_REQUIRED WORK_
Given the records below, the lines starting at the line with "For Sale: $359,900" and ending at the line with "Mercedes-Benz C250 2018" should be output exactly, both end lines kept and pictures left out.

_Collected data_
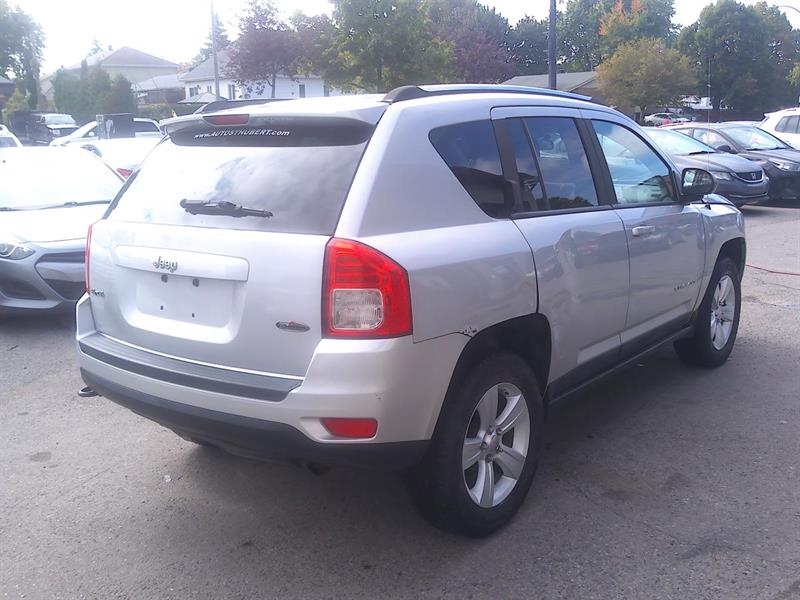 jeep Compass 2011 - 5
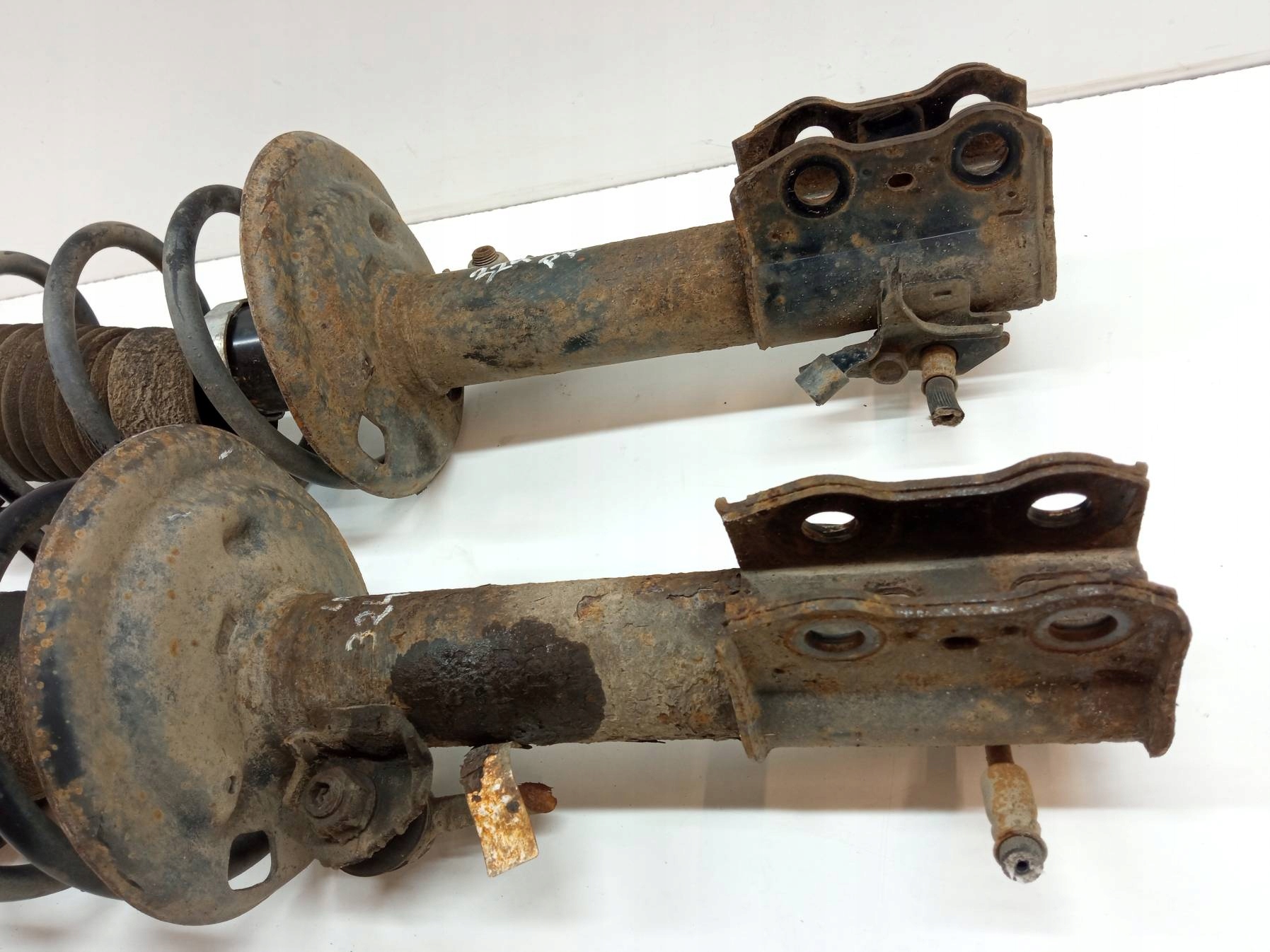 shock absorber right left front 1.33 B 99 KM KPL Toyota Yaris III (2011-2020)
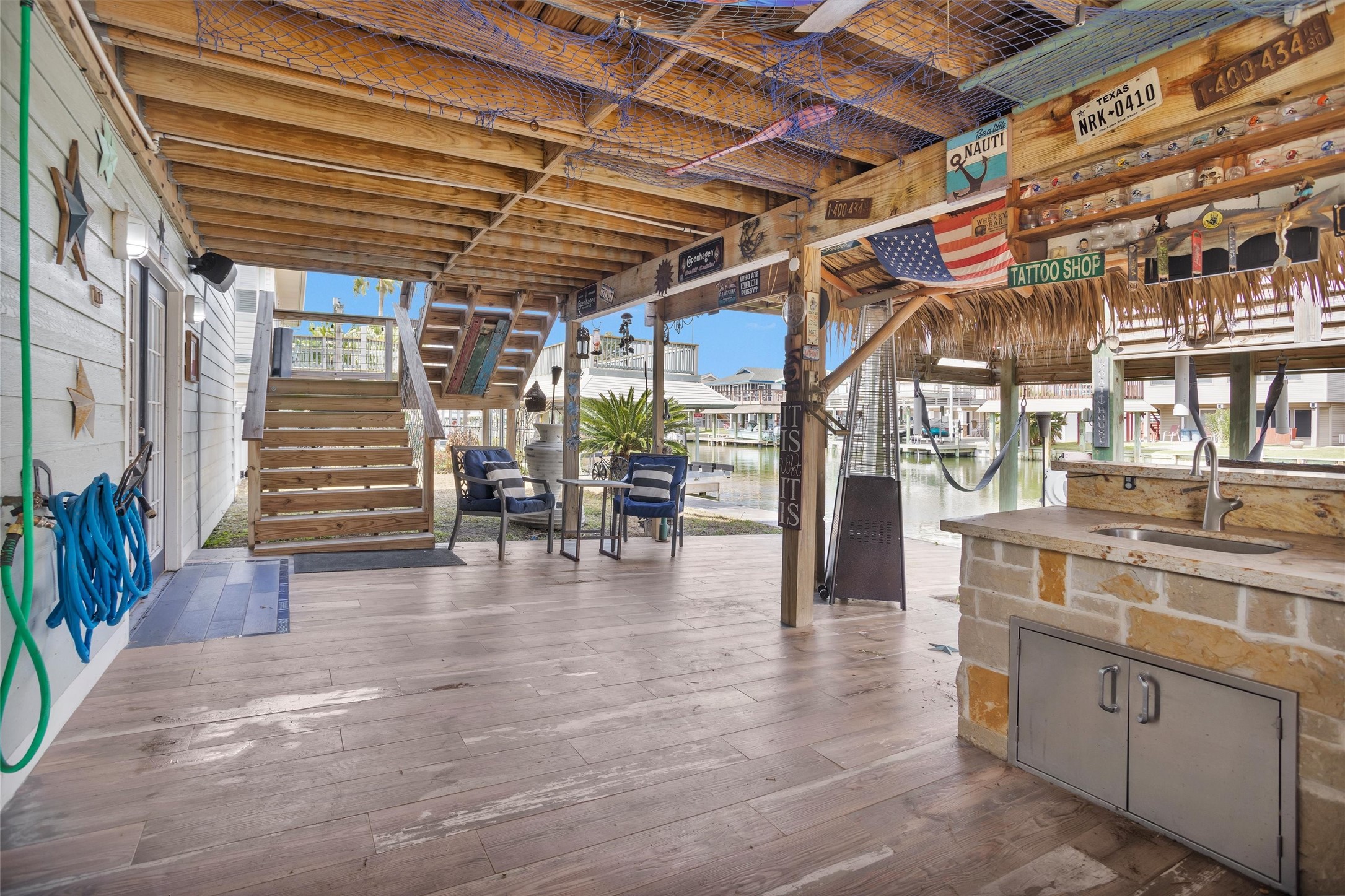 336 Ling Street, Bayou Vista, TX 77563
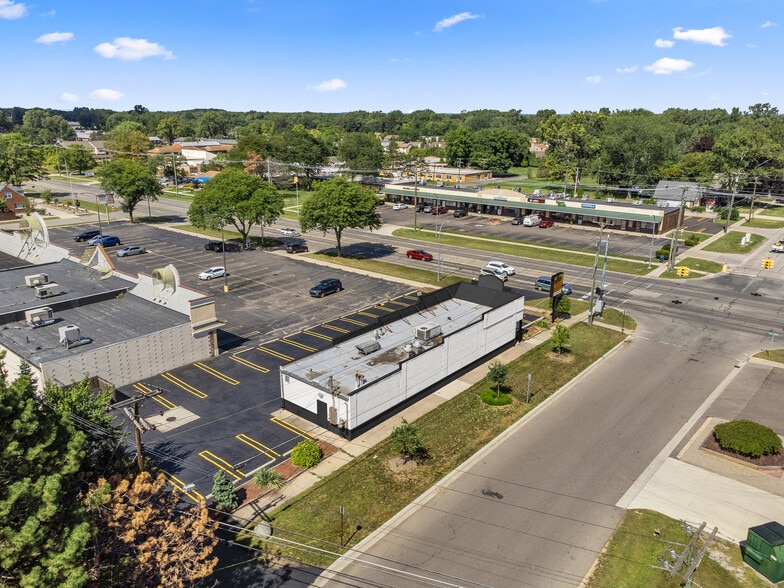 More Photos Of 28407 5 Mile Rd, Livonia Restaurant For Lease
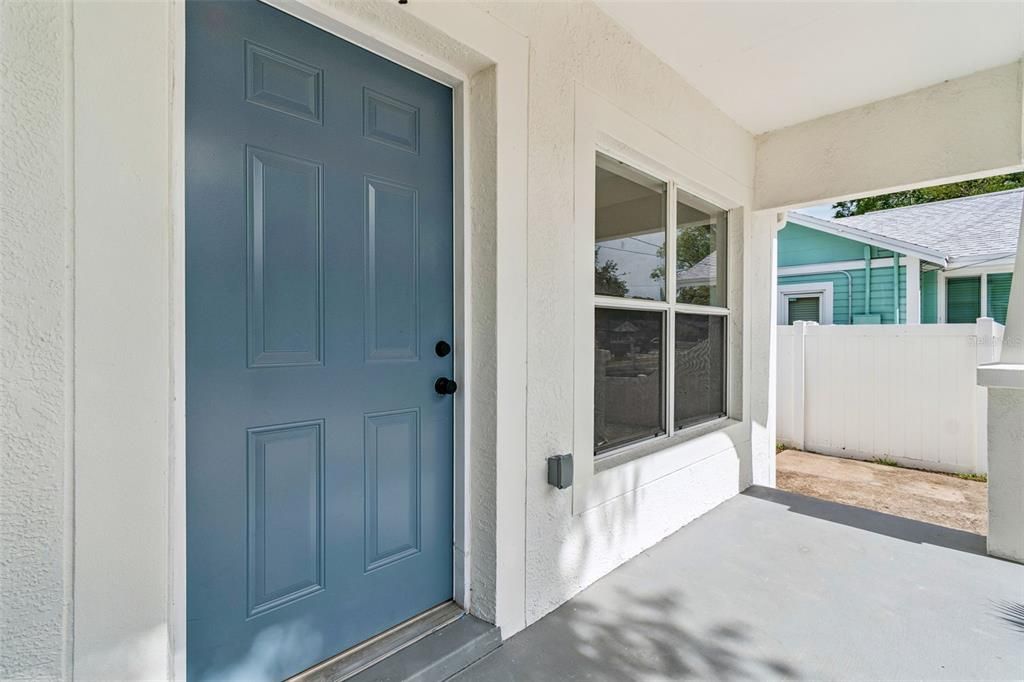 For Sale: $359,900 (3 beds, 2 baths, 1353 Square Feet)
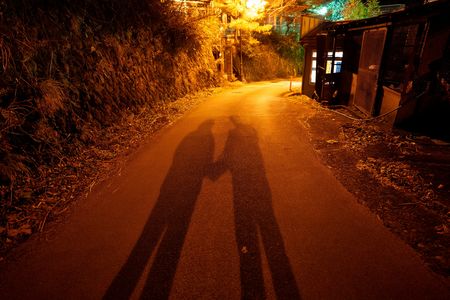 手を繋いで帰ろう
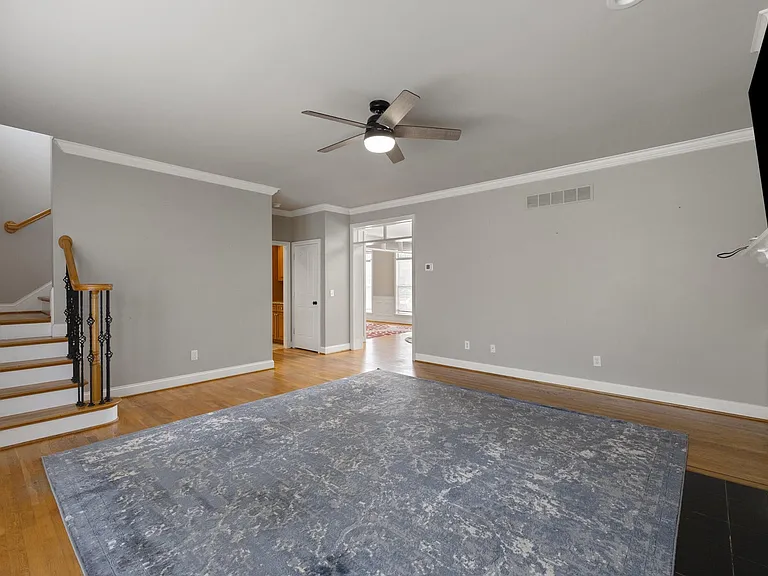 2128 Roswell Dr — Photo 6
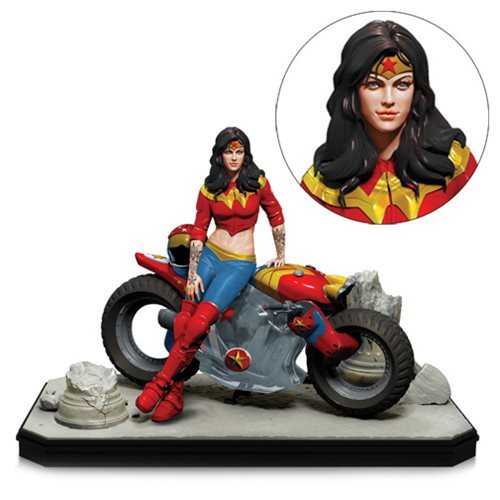 Gotham City Garage Wonder Woman Statue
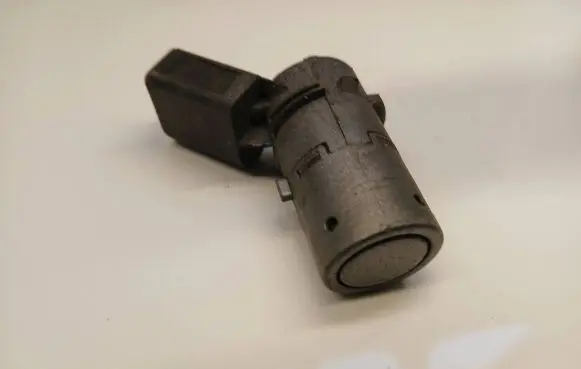 Audi A4 S4 B7 8E 8H Parking PDC sensor 7H0919275D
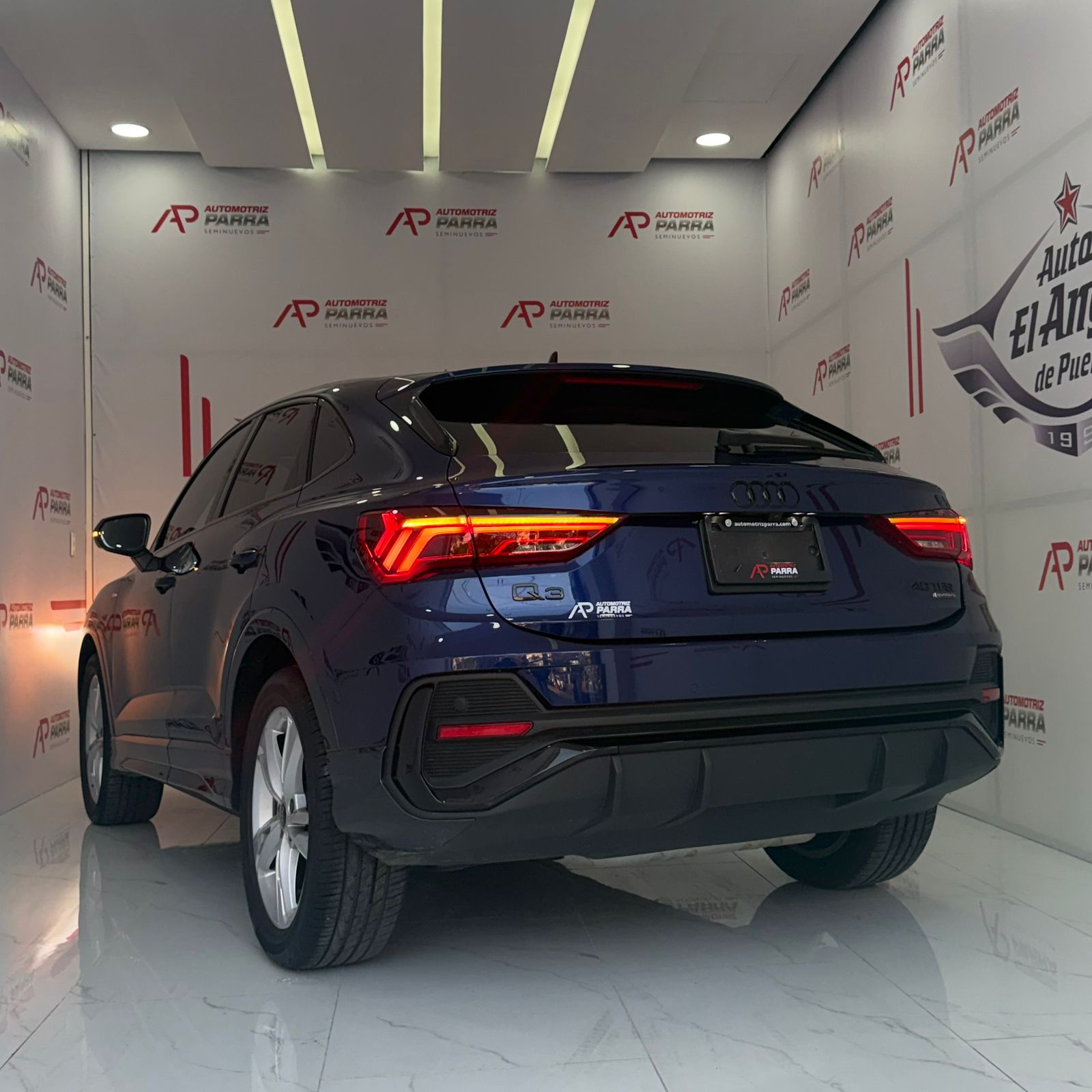 placeholder image wide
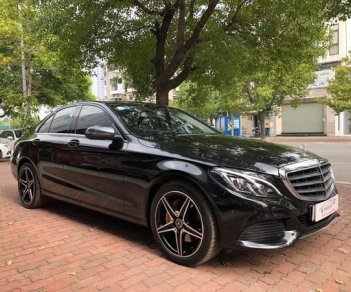 Mercedes-Benz C250 2018 - Cần bán lại xe Mercedes C250 Exclusive năm 2018, màu đen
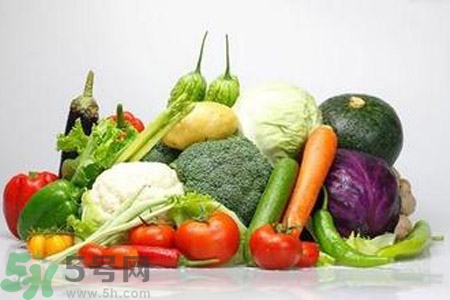 被洪水淹過(guò)的菜可以吃嗎？被洪水淹過(guò)的菜吃了對(duì)身體有害嗎？
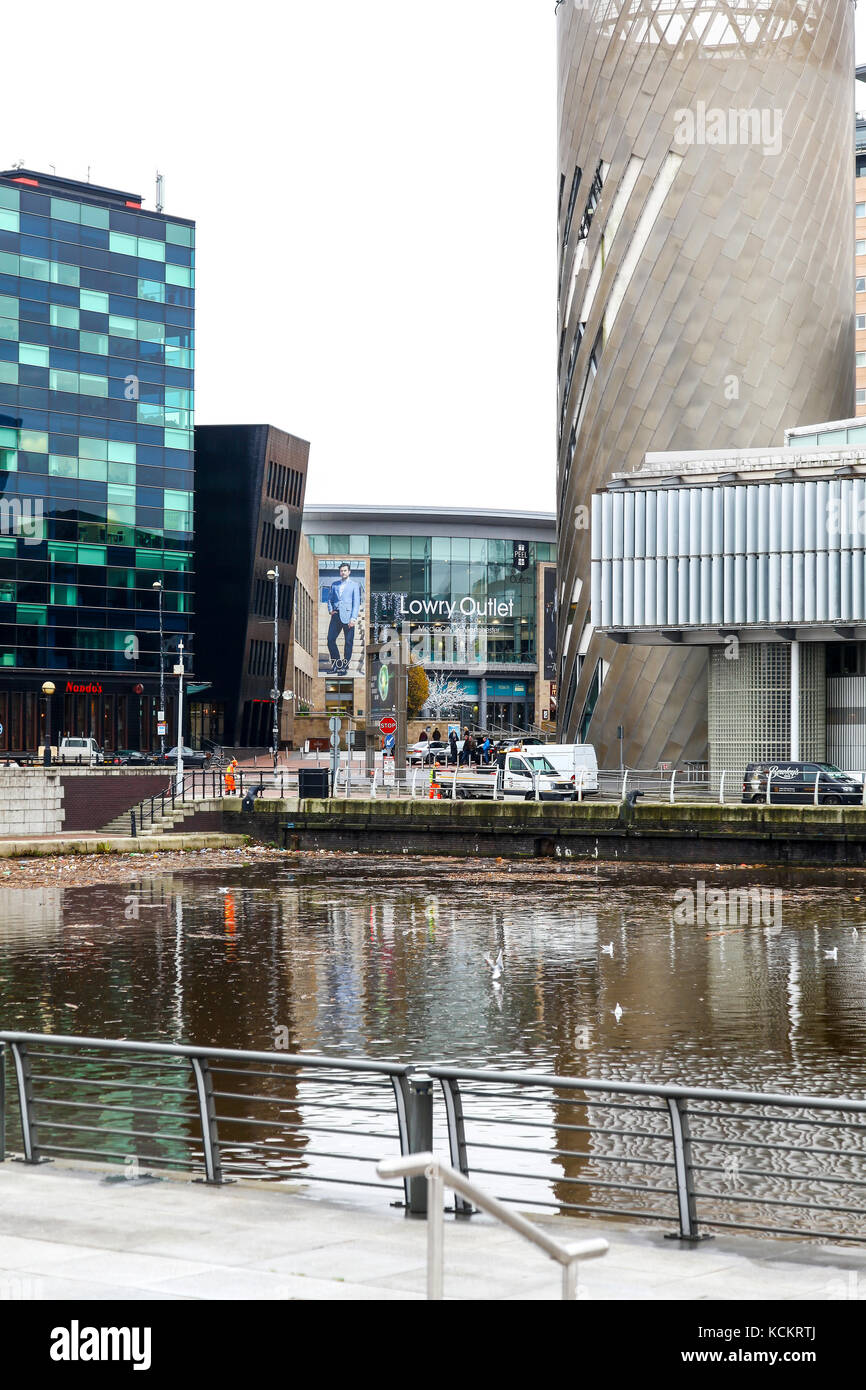 Il Lowrey Outlet Center a Media City UK sulle rive del Manchester Ship Canal a Salford e Trafford, Greater Manchester, Inghilterra, Regno Unito Foto Stock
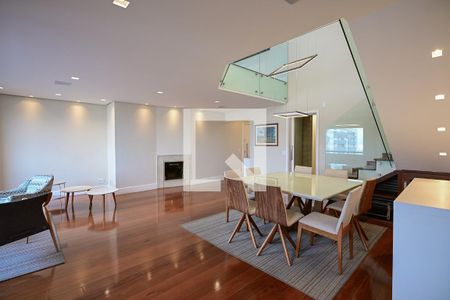 Sala de apartamento para alugar com 4 quartos, 343m² em Vila Morse, São Paulo
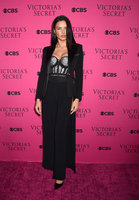 Adriana Lima longsleeve t-shirt #2912726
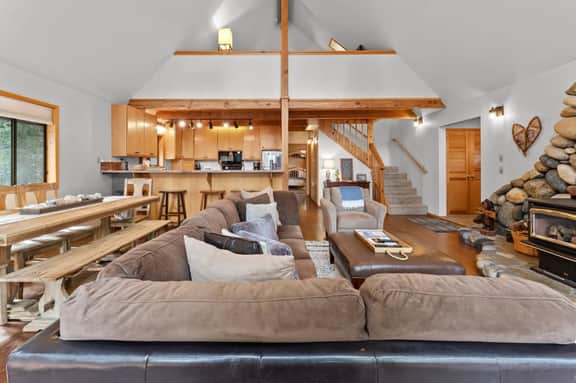 683 Midiron Ave - Image 2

_SOLUTION FOR THIS EXERCISE_
 For Sale: $359,900 (3 beds, 2 baths, 1353 Square Feet)
 手を繋いで帰ろう
 2128 Roswell Dr — Photo 6
 Gotham City Garage Wonder Woman Statue
 Audi A4 S4 B7 8E 8H Parking PDC sensor 7H0919275D
 placeholder image wide
 Mercedes-Benz C250 2018 - Cần bán lại xe Mercedes C250 Exclusive năm 2018, màu đen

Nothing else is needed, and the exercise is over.